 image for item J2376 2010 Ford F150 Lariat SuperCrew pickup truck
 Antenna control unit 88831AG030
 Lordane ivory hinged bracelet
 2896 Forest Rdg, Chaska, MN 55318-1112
---
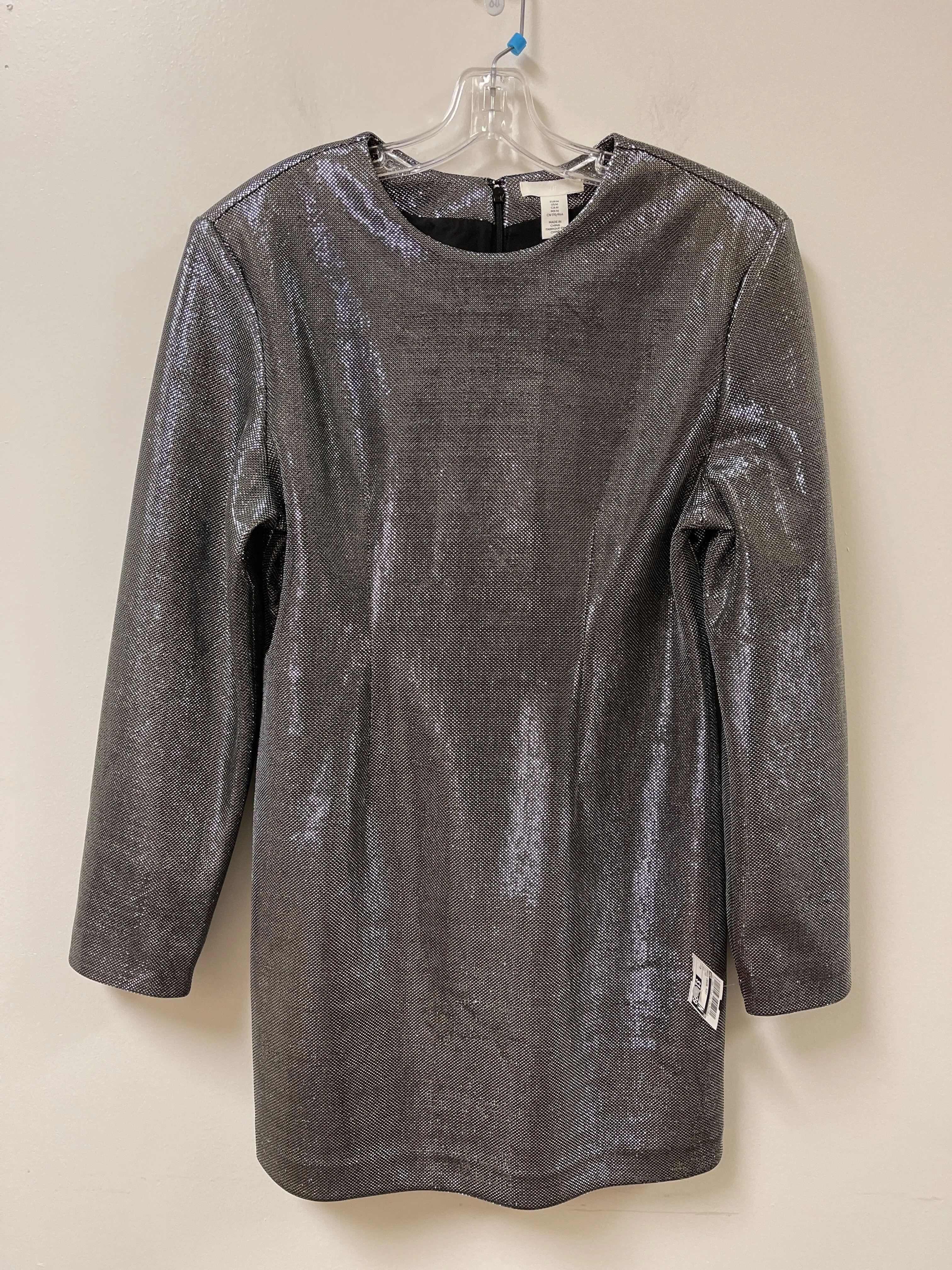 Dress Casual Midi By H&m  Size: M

## WORK ORDER
Which lines above run from the one containing "Antenna control unit 88831AG030" to the one containing "2896 Forest Rdg, Chaska, MN 55318-1112"? Give them again exactly, both ends included.

## RESPONSE BOX
 Antenna control unit 88831AG030
 Lordane ivory hinged bracelet
 2896 Forest Rdg, Chaska, MN 55318-1112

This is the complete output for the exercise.